第21話

 代官兄妹の郷里を殲滅する為に差し向けられた人狼兵達が見た物は、何者かに襲撃され、住民が死に絶えた集落の惨状だった。

 報告を受けた阿瑪拉アマラは、自らの知らぬ処で皇国の別働隊が動いた可能性を疑ったが、八咫鏡で軍に照会した結果、それは否定された。

 皇国が関わっている場合、残る可能性は計都ケートゥによる独断専行なのだが、一門から二名の学師を送り込んでいるのに、その頭越しで動くとも考えにくかった。

 とはいえ、一応の確認、そして想定外の事態の発生は知らせねばならない。

 阿瑪拉アマラからの通信を受けて状況を知った計都ケートゥは、童の村の検分を終えていた和修吉ヴァースキを現地へ向かわせる事にした。

 代官の郷里の村へ向かった人狼兵達はいずれも医術の心得がなく、遺骸の細かい検分に慣れていないのである。


*  *  *


 代官の郷里の村。そこから若干外れた場所に、星の光を遮る厚い雲の上から、轟音と共に雷光が突き刺さる。和修吉ヴァースキの到着だ。

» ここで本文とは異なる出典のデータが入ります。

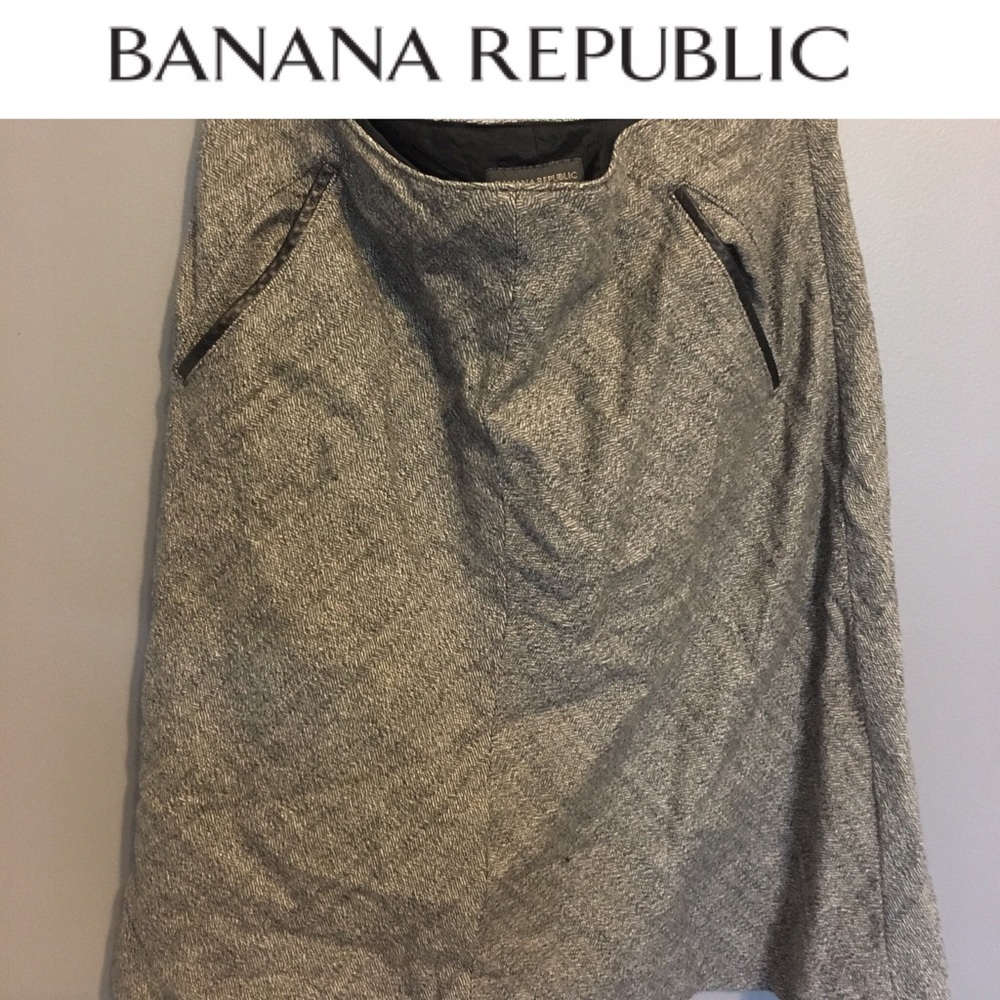 Banana Republic lightweight 100%wool skirt sz12
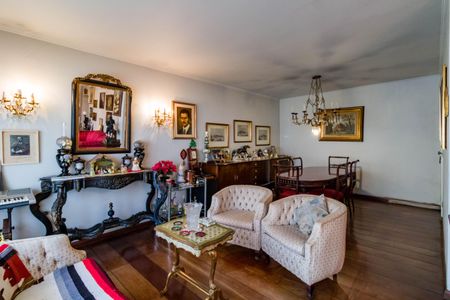 Apartamento à venda com 160m², 4 quartos e 3 vagas Apartamento à venda com 160m², 4 quartos e 3 vagasSala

「人別改 ※住民台帳 は押さえたか?行方の知れない者は?」


 出迎えた人狼兵に、和修吉ヴァースキは開口一番、行方知れずの住民の有無を尋ねた。


「照合しました。皆、遺骸を確認しております」

「結構、手間が省けた様だ。早速だが案内してもらおう」

「畏まりました」


 逃れていた者がいれば、直ちに捜して捕縛せねばならなかったが、その必要はなかった様だ。

 出迎えの人狼兵の先導で、和修吉ヴァースキは村の状況を見て回った。

 点在する粗末な家々は、童の村と大差ない。屋内外を問わず、あちこちに住民だった屍が転がっており、死臭が漂っていた。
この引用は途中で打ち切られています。